Swan feathers are never used, partly because they are too large (the tutu is decorative not indicative), but also because Swans are protected in the UK under the Wildlife and Countryside Act 1981 which makes it illegal to take the wild birds, the nests or their eggs. Unmarked swans in England traditionally belong to the Monarch, but there are some on the Thames that belong to the Guild of Vintners and the Guild of Dyers. The famous Abbotsbury Swannery provides feathers to The Plumery and these come from moultings.

During the Bird Flu outbreak which began in 2003 in South East Asia, the supply of feathers was threatened. Most of the feathers coming into the UK are imported from China, South Africa, Poland, Turkey and Israel – largely countries were a lot of chicken is consumed as the feathers are a by-product.
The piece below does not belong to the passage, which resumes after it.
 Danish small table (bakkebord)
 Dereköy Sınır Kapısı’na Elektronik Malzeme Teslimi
No feathers could be imported from affected regions (though neighbouring non-affected regions were fine), and strict conditions were imposed. Vet and sterilization certificates would be checked with the feathers and if any failed to meet the stringent criteria they were destroyed.
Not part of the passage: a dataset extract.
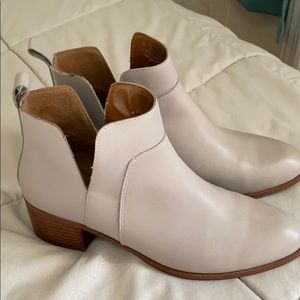 Pale grey booties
English National Ballet Swan Lake tutu

“I absolutely love dancing in a tutu – it is the quintessential ballerina costume! My favorite tutu I have ever worn would have to be any of the three Aurora tutus from the Sleeping Beauty. Here’s a tip – if you are going to be performing in a tutu, try and rehearse in a practice one. It makes such a difference not only in the way you hold yourself but also for your partner. A tutu adds difficulty to partnering, so the guys are always happy when we are able to wear one in rehearsals. Think about it – a shoulder sit is a lot different with 8 layers of tulle!”
Kathryn Morgan, Soloist, New York City Ballet

Some dancers love tutus, and some find them uncomfortable and restrictive. Not being able to see your legs and feet takes some getting used to, and in a ballet such as Swan Lake, where the ballerina is very much “on her legs”, she relies more on her partner for balance. For her partner too, the tutu presents challenges. Most of the decoration will be placed on the top skirt but avoids the waistline, giving her partner a safe place to hold her so that his hands are not torn to shreds. He still has to watch out for his face though, as the stiff net layers can scratch the skin.
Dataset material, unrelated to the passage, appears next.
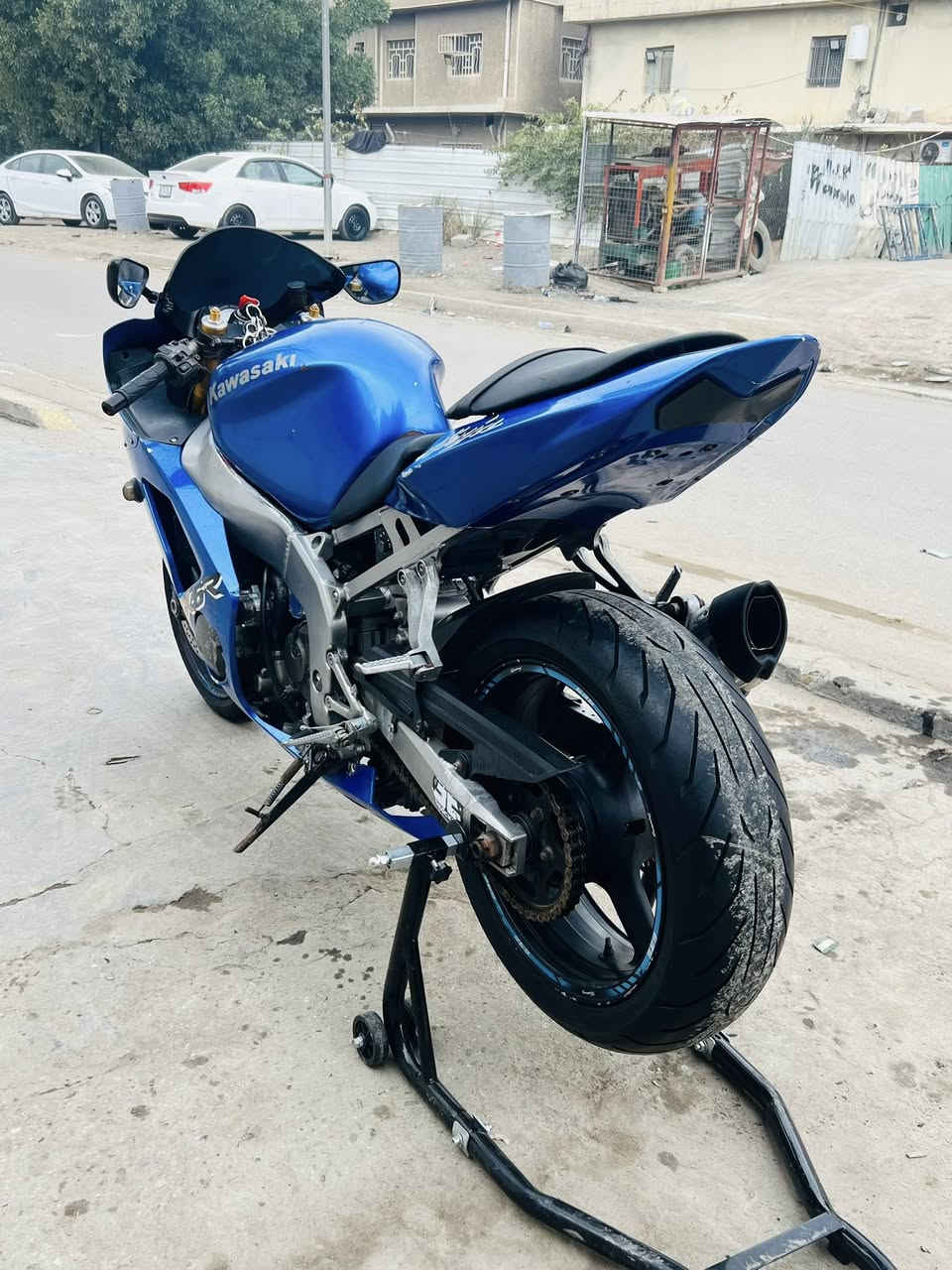 سلام عليكم كاوسكي 636 مديل 2004 دراجه مكفوله مكينه برغي ما مفتوح بيهه بيع فقط بدون مراوس شراي يجي خاص عنوان بغداد سعر 29 بيهه شي بصيط ***********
That said, there is nothing like a tutu to make a dancer feel like a ballerina. Along with pointe shoes, a tutu really is the unique tool of her trade.

“I like tutus, if they are well made and fit the girl properly. I like the way the bodice feels in my hand. Though that being said bodices with beading etc. can sometimes cut you up a bit! There is a feeling of security for some reason, probably because a tutu doesn’t (or shouldn’t) move around when you are partnering. The costume is exactly where your partner is. In the beginning though I had a little trouble with overhead lifts, not because they were physically more difficult with a tutu, but because you have to be very aware of the angle of the costume from the front of house. After a few shows though, I reworked my hand positions a bit, so my ballerina would not be caught in a position that could be described as untowards!”
Tyler Angle, Principal, New York City Ballet

English National Ballet has generously offered a unique prize to celebrate their 60th Birthday Year and the 60 Swans in Swan Lake. (this competition is now closed)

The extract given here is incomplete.